OxideSens is OxideTerm’s built-in AI assistant for the SSH workspace. It is target-first: saved connections, live SSH sessions, terminal buffers, SFTP paths, settings, and knowledge base entries are treated as workspace targets instead of a loose pile of functions.

It can help diagnose remote output, run approved commands, inspect files, explain failures, search your knowledge base, and open the right OxideTerm surface without requiring an OxideTerm account.
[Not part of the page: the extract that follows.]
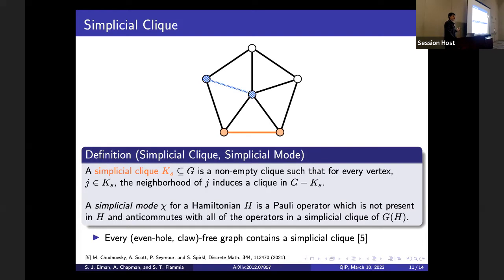Prior to this work, it was not known that every even-hole claw-free graph contains a simplicial clique. We originally needed this as a third assumption, and weren't sure whether it was independent of the even-hole claw-free conditions. When we asked graph theorists — Maria Chudnovsky, Paul Seymour, Alex Scott, and Sophie Spirkl — they also didn't know, but after a few days they showed it's true and wrote a very nice paper showing it holds for a much more general class of graphs. It's an interesting story about how investigations in physics can yield new mathematics.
OxideSens follows a BYOK (Bring Your Own Key) model:

  • API keys are stored in the OS keychain.
  • OxideTerm does not proxy your AI traffic through an OxideTerm cloud account.
  • Provider costs belong to your selected provider.
  • Local models via Ollama can keep AI requests on your machine.

Supported provider families include OpenAI, Anthropic, Google, DeepSeek, Ollama, and OpenAI-compatible endpoints.

Older agent UIs often expose dozens of low-level tools directly to the model. OxideSens instead uses a small set of task-oriented actions backed by a local orchestrator.

The orchestrator can see:

  • Connections — saved SSH targets and live SSH nodes.
  • Terminal sessions — visible local or remote terminal panes, buffers, and readiness state.
  • SFTP and files — current remote paths and file resources.
  • Settings — readable and writable app settings exposed through typed resources.
  • Knowledge base — RAG collections and searchable documentation.
  • App surfaces — settings, SFTP, IDE, local terminal, and connection management tabs.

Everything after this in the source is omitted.